The “free food” of the title is the boardroom lunch which is bought by a successful deal team for the other folks on the trading floor of a particular boilerplate New York investment bank. Neither free — at some point, one hopes, each of the teams will be successful enough to have to pay up — nor are all the consumers millionaires. In particular, the heroine Casey, struggling to pay off her credit card debts, has negative net worth on paper. But she has other talents.

The novel is a combination of Sex and the City and Wall Street, though Casey Han, the Carrie Bradshaw of our novel, is into hats rather than shoes. Some of the key plotlines are similar to your average American TV series, and indeed this book would make a very good TV series itself. Which marriage is going to fall apart next? Who will sleep with whom next? Will they get caught? Despite spending all her credit limit on fancy clothes and fancy dinners, will our heroine succeed in getting a place in business school and getting an internship which will lead to a job that will pay off her debts?

If the plotline is unremarkable, it nevertheless keeps you turning the pages for its near 600 page length. The book’s unique selling point is to set the rather generic potboiler plot in a Korean-American setting, which gives it an additional dimension.

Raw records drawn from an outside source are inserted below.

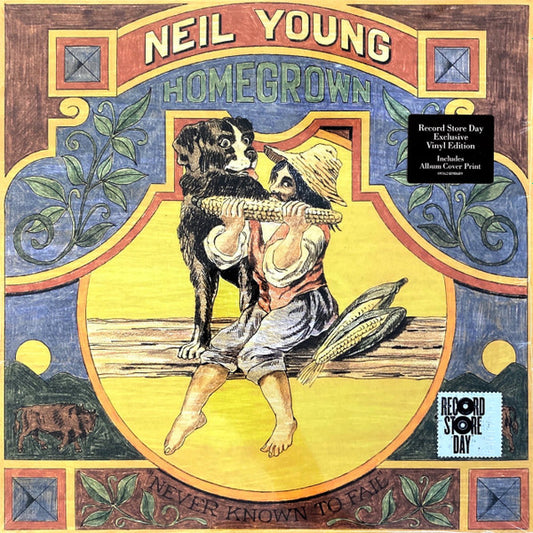 Homegrown by Neil Young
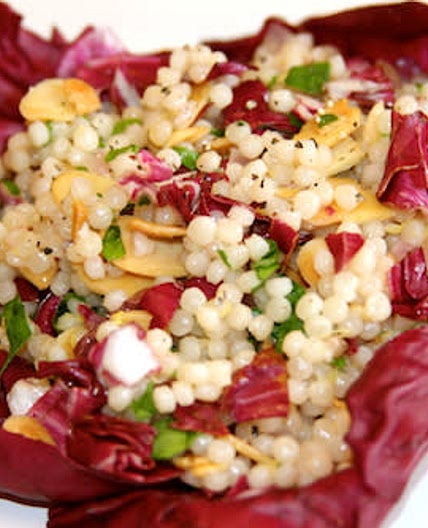Couscous with Radicchio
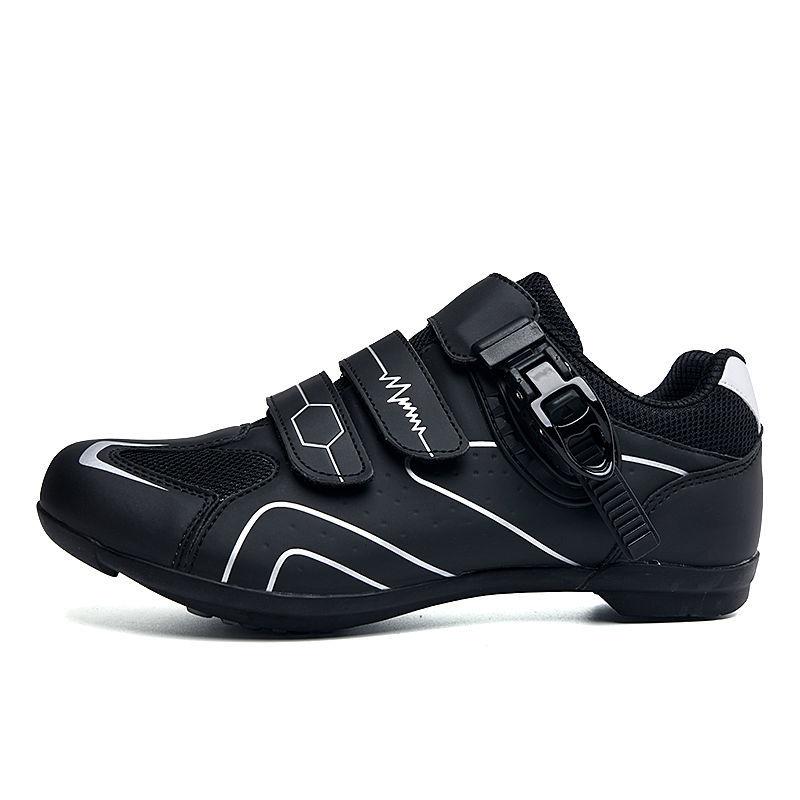 Cycling Shoes Men's Road Bike Shoes Ultra Light Bicycle Sports Shoes Self-locking Professional Breathable
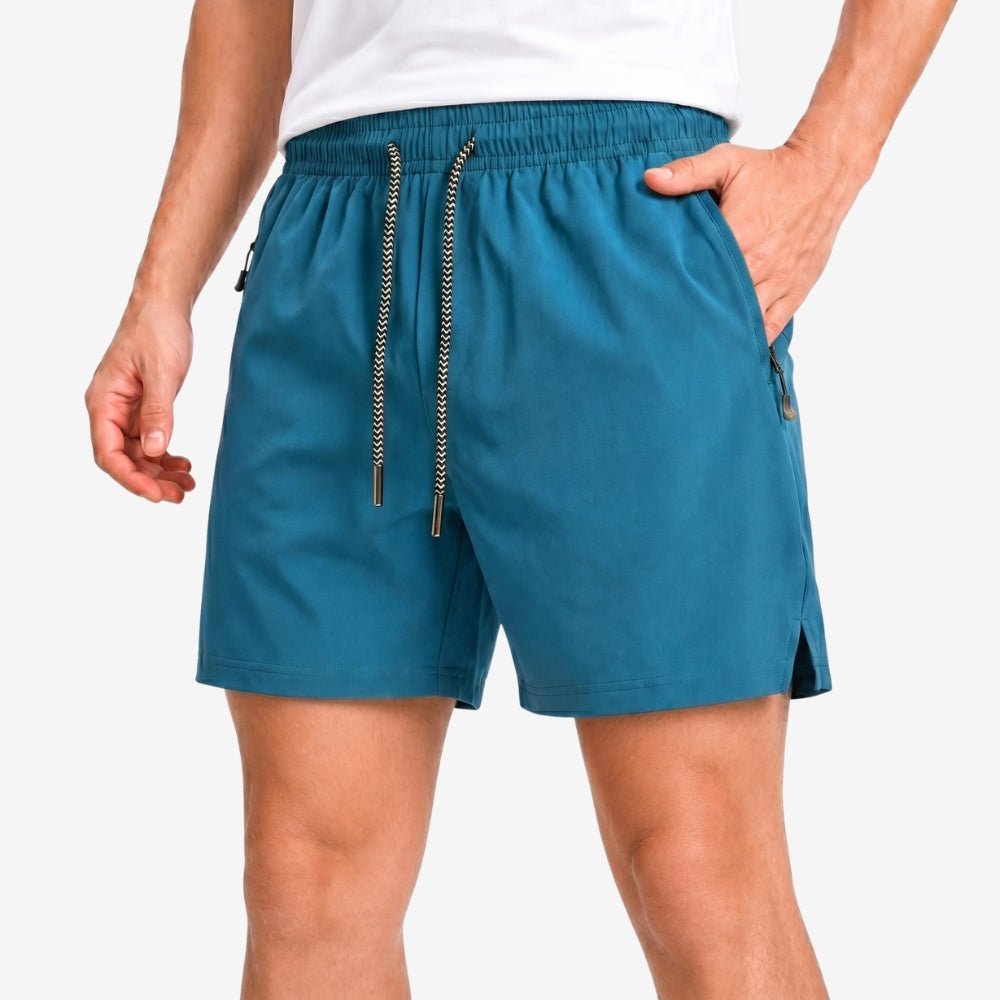 Lightweight Drawstring Sports Shorts for Men | Active Peaks - Active Peaks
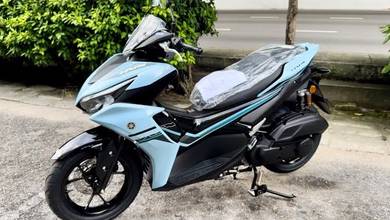 Yamaha NVX 155 abs Ready Stock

As the book opens, our heroine is thrown out of her parents’ house for a combination of sins — lack of direction after finishing at a prestigious university, and lack of proper filial respect for the hardworking father who inevitably runs a dry cleaning business. Interesting cultural observations litter the book: the question of who makes a better boyfriend: the westerner who doesn’t know how to bow from the waist, the Korean who’s a complete “asshole” in the investment bank or the divorced Korean with a heart of gold but an expensive addiction; the complex social politics of how much to spend on gifts for the in-laws before a wedding; the way that family background back in Korea still counts for something, even though this might be invisible to a westerner.

The book is well-researched: the investment banking technical terms are wheeled out as if the author has done her homework, and the setting in the lively Korean church seems authentic, down to the politics within the choir as to who gets the next solo. But maybe an insider can help me out on this one: does a choir in a New York Korean church really survive on a diet of arrangements of stirring hymns such as How Great Thou Art? Particularly on over four hours of rehearsal a week? That requires some serious devotion to the Cause, and maybe partly explains why the choirmaster seeks other stimulation from the soprano line.

Our heroine and her chums and extended families keep us entertained with their scrapes. Most of them have extra-marital relationships, most of them have a heartbreak or two along the way, but also most of them end up living happily ever after. Is it great literature? Who cares — it’s good lightweight reading.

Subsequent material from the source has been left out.